How to complete this task:
When you reach the line below that has "Die Velberter Band", start returning lines exactly, and stop after the line that has "Greenlight 1:64 1971"; skip the pictures.
╭─ Given records
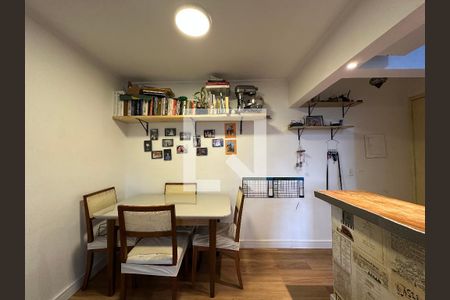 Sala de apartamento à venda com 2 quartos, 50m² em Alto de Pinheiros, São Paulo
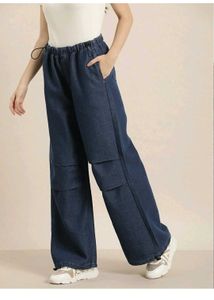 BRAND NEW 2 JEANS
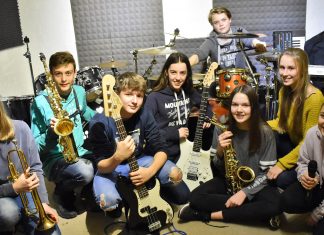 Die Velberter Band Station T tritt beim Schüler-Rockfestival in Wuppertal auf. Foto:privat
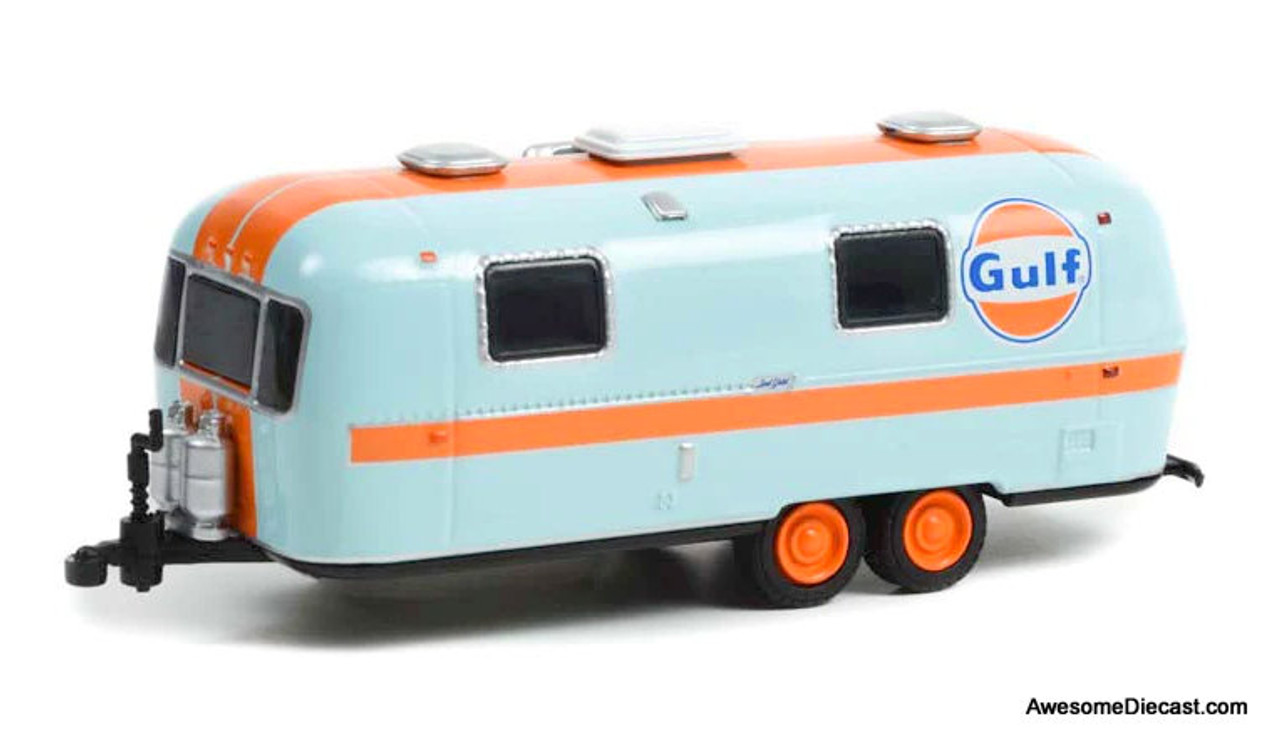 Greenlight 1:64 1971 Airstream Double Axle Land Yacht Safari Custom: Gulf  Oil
╰─
╭─ Given records
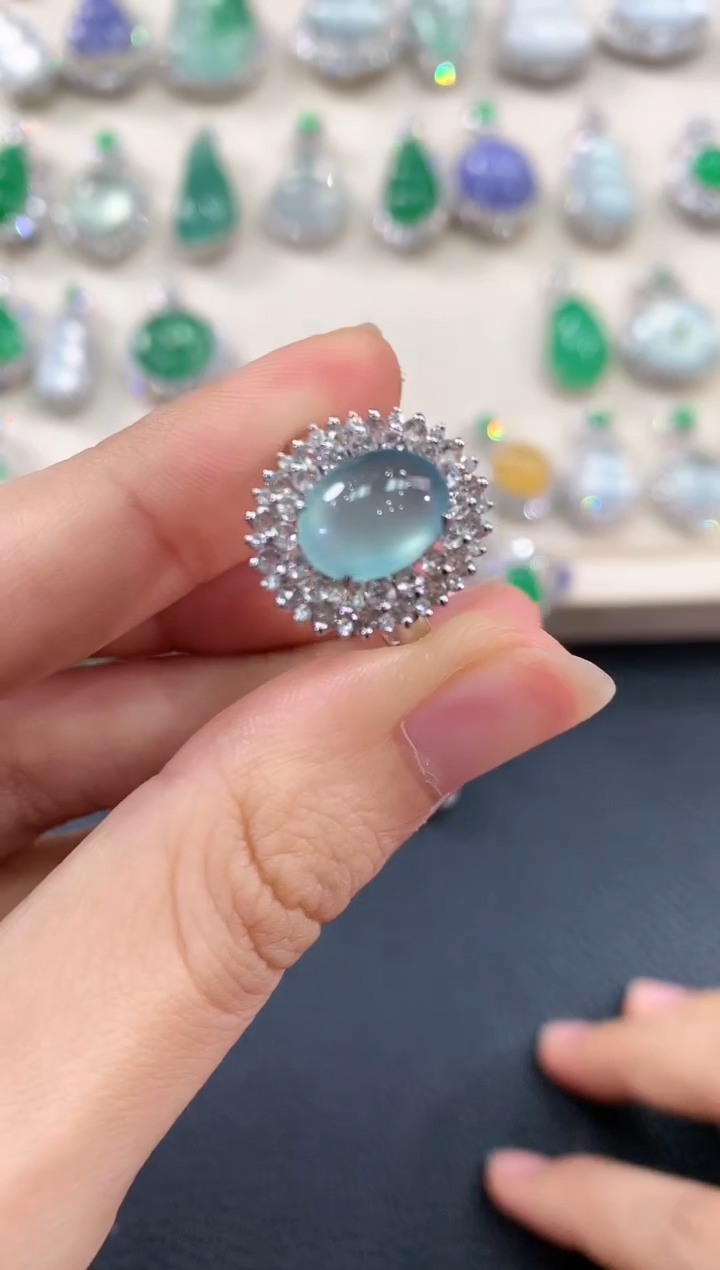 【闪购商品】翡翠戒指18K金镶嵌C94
╰─
╭─ Given records
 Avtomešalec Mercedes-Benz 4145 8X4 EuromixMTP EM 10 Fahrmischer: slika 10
╰─
Result of this task:
 Die Velberter Band Station T tritt beim Schüler-Rockfestival in Wuppertal auf. Foto:privat
 Greenlight 1:64 1971 Airstream Double Axle Land Yacht Safari Custom: Gulf  Oil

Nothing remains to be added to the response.